Encore quelques remarques. Dans l’écheveau serré d’affinités « traditionalistes » ou « traditionnelles » mais qui n’est pas homogène, ni sur le plan des « voies » initiatiques ni sur celui des axes politiques (avec des discriminants comme la place tantôt tenue pour légitime pour la « Tradition », tantôt rejetée, du christianisme, de la franc-maçonnerie, du judaïsme, de l’islam) il aurait été intéressant, pour mesurer les convergences mais aussi les rejets, d’analyser la revue guénonienne (non « politique » selon Stéphane François, mais cette approche pourrait être complexifiée) Vers la Tradition, créée en 1982, qui a connu plusieurs phases et influences, avec des collaborateurs ayant des affinités d’extrême-droite ou royalistes, comme Michel Michel (également membre de Politica Hermetica, voir plus bas), Daniel Cologne ou Luc Olivier d’Algange, mais surtout des auteurs investis dans la franc-maçonnerie (André Bachelet), le soufisme (Charles-André Gilis, Olivier Courmes ), les pensées indienne (Tara Michaël) ou chinoise, ou des approches difficilement classables comme celle de René Luong sur la séquence occultiste de Guénon.
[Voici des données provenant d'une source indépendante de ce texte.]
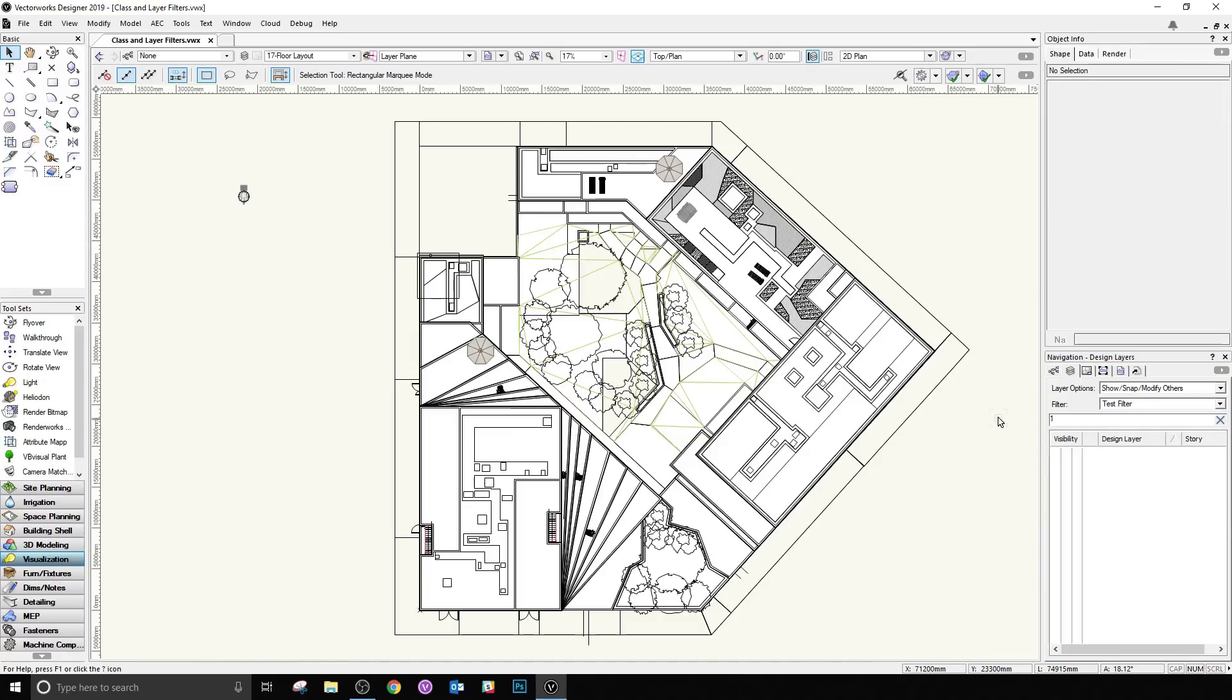The VectorWorks user interface was the source of the majority of the feature requests in the last few years, and this task addresses many of them in a carefully considered and intelligent way.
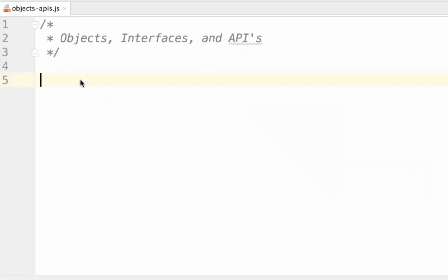Hello and welcome to the video. In this video we're going to be covering the basics of object-oriented programming. Object-oriented programming is a way to represent data and functionality in an encapsulated way.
Sur un plan plus polémique, Stéphane François aurait pu faire référence à la critique décapante, interne à l’occultisme, de A.R. Königstein. (« L’erreur fasciste. Esotérisme et politique » ) qui, lui, défend la modernité comme autonomisation du sujet et une sorte de ligne initiatique de masse antifasciste et, de façon extérieure, (mais non a-priori hostile au pérennialisme) à l’article en ligne sur le site de critique sociale Mondialisme.org relevant le rôle ambigu de la revue Politica Hermetica : cette dernière en effet, para-universitaire, s’est ouverte à son début à des intervenants de la Nouvelle Droite (Philippe Baillet (n°1) , Alexandre Douguine), leur donnant peut-être une légitimité intellectuelle, tout en déroulant un programme d’étude placé sous les auspices – on l’a vu inscrit dans une séquence précise – d’une association-confusion entre Guénon et Evola (« Métaphysique et politique. René Guénon, Julius Evola », n°1, 1987). Elle n’est par ailleurs pas sans liens, par plusieurs animateurs, avec le CESNUR de l’avocat italien spécialiste de l’occultisme et de l’ésotérisme Massimo Introvigne, par ailleurs engagé du côté d’un catholicisme reconquérant - . Politica hermetica a, (...)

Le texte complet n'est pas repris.